The ground below him looked rocky. Buddy
assumed he would die upon hitting it, but he was sure his body would be broken
beyond repair if he didn’t. He often had heard how time seems to slow down in
moments of impending doom. The reports were true. He’d also heard about seeing
your whole life flash before your eyes. He doubted the time distortion effect
was sufficient to accommodate a review his whole life, however. He settled for
revisiting the past few hours.
**** **** **** **** **** **** **** ****
**** ****
Buddy began his Friday night the way he had
begun most of his Friday nights since he moved out of his parents’ house. He
checked the internet for local concerts, and called a few friends to see if any
wanted to go with him. On this occasion, none did.

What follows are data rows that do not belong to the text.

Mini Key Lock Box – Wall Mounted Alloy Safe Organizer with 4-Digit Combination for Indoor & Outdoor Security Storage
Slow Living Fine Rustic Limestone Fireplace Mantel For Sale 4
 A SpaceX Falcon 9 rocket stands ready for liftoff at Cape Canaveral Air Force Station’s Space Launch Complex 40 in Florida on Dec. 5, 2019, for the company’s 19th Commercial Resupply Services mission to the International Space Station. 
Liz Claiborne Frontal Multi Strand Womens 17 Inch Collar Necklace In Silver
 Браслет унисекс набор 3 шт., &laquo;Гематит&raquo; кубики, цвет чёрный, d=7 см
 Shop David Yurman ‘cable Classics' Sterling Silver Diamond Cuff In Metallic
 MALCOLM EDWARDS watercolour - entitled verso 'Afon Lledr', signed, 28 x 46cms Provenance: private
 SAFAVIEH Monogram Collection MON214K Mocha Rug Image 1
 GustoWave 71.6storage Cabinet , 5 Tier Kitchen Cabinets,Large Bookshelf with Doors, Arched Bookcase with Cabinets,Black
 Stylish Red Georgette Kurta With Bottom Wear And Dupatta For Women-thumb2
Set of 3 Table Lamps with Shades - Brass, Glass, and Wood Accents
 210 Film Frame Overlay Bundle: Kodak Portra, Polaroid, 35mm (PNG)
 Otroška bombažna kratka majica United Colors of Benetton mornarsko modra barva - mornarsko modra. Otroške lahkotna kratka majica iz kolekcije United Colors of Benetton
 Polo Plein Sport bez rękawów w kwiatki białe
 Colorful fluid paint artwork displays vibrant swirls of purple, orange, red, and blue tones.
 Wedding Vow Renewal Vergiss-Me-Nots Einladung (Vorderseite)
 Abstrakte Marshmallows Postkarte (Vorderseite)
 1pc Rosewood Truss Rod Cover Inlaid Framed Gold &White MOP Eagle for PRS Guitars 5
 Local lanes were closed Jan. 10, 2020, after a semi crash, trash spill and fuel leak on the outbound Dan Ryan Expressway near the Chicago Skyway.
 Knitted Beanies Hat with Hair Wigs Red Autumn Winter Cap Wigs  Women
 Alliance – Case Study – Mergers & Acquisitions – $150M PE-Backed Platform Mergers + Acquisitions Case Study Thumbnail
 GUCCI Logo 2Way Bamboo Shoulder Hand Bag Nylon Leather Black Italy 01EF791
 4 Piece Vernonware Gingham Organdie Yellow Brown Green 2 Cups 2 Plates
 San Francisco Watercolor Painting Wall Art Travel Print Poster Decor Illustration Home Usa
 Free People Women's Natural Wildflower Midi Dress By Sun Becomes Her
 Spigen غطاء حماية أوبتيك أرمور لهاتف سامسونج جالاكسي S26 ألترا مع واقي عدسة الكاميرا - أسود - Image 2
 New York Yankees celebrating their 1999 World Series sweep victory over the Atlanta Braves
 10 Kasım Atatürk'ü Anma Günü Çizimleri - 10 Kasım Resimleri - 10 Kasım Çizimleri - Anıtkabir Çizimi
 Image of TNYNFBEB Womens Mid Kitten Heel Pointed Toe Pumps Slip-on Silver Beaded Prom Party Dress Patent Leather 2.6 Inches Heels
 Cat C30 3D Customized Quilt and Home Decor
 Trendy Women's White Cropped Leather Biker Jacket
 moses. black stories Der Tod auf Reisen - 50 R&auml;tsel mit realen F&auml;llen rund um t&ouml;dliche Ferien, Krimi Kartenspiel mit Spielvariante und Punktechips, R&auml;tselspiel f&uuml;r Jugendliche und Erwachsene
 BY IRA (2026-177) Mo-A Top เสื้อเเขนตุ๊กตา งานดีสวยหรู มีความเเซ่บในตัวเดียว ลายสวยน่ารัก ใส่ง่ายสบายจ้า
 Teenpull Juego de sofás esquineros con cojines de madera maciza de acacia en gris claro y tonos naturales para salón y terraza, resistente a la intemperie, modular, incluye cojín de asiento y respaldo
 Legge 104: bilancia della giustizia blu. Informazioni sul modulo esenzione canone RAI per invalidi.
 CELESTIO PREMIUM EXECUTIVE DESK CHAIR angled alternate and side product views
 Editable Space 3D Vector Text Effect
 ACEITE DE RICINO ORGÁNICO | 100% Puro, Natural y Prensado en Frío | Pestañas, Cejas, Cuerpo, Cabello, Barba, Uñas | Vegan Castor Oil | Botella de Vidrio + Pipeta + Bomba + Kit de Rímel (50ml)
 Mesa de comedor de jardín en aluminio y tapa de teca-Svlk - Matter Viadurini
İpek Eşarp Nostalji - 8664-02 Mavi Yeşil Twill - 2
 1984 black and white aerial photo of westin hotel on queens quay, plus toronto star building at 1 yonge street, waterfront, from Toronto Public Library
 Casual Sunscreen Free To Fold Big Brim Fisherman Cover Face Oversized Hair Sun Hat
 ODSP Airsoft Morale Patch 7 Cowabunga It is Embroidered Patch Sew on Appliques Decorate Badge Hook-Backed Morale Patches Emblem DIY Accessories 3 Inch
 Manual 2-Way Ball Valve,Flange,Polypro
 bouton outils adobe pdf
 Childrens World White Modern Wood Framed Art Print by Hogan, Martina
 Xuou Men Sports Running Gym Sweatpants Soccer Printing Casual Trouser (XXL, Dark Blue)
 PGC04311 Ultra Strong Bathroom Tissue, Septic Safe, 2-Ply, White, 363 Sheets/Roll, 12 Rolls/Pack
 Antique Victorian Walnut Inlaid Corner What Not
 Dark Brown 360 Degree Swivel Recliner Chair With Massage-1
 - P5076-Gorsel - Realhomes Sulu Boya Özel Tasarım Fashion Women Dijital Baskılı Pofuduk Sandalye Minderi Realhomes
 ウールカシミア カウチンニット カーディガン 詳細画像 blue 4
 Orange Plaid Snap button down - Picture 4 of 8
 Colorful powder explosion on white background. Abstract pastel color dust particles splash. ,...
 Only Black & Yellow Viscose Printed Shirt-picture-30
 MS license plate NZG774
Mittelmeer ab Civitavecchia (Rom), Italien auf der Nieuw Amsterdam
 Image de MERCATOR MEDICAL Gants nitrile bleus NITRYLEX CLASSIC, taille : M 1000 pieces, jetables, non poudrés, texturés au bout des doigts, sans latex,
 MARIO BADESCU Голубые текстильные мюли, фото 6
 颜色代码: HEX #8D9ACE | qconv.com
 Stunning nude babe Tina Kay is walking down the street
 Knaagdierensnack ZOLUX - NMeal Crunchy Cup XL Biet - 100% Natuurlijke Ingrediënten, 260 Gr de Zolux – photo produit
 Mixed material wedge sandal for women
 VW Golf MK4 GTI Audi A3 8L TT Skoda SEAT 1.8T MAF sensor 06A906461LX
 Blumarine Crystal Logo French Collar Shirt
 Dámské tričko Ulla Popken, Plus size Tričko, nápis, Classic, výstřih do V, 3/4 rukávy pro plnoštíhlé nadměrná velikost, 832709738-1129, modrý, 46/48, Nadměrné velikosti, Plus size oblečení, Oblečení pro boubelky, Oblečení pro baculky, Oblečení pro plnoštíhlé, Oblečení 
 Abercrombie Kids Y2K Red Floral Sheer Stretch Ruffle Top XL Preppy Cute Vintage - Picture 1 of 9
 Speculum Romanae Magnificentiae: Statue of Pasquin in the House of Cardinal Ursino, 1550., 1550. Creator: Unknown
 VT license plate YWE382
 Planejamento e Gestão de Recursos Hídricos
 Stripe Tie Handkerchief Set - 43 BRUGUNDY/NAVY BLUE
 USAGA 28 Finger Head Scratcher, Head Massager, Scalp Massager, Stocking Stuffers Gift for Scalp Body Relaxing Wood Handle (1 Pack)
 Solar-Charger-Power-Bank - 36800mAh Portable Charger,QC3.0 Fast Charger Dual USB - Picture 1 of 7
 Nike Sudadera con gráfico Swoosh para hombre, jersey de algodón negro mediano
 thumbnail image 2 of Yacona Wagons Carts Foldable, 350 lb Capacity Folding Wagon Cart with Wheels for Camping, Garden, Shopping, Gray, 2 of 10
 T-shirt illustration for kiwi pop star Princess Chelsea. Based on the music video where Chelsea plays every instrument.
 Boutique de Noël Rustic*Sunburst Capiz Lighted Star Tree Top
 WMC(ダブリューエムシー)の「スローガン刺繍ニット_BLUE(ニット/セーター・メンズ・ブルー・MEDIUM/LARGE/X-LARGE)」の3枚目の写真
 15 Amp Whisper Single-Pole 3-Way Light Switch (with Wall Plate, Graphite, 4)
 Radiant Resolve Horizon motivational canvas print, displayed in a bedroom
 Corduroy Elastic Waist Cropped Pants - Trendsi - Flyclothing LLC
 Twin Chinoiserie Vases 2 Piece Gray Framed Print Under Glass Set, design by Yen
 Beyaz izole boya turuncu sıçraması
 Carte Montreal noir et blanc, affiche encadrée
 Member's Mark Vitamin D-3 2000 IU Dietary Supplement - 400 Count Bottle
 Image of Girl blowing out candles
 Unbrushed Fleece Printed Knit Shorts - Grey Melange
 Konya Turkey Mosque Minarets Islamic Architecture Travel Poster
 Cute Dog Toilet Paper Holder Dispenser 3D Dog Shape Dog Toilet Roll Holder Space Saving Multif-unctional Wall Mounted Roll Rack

Buddy had made the move from his childhood
bedroom only the year before. He did so because his 25th birthday
was approaching, and he felt it was time to be on his own. It was a struggle
financially. His degree in Business Administration had given him a mountain of
debt and an entry-level job at a call center for WeCare4U Investments, where he tried to placate angry customers
without making any concessions that would cost the firm money. He had hoped the
job would be a stepping stone to something better, but after three years he sat
in the same chair. His apartment in a run-down building on the outskirts of Jersey City had the advantage of being close to New York while being
cheap enough for him to get by most months without an extra dollop of cash from
his parents.
Buddy was not in a romantic relationship of
any kind. In truth, he never had been a ladies man. Shorter than average with
unimpressive looks, talents, or charm, his social life always had been one big
fizzle. Even in college, where young men were outnumbered almost two-to-one by
women, he always had the feeling that the few women who dated him were
practicing on him, honing skills for someone better. None of them had dated him
for long, which reinforced his inkling. Since graduation, he scarcely dated at
all.
So, he filled his weekends with music
instead, sometimes clubbing with his guy friends and sometimes going out alone.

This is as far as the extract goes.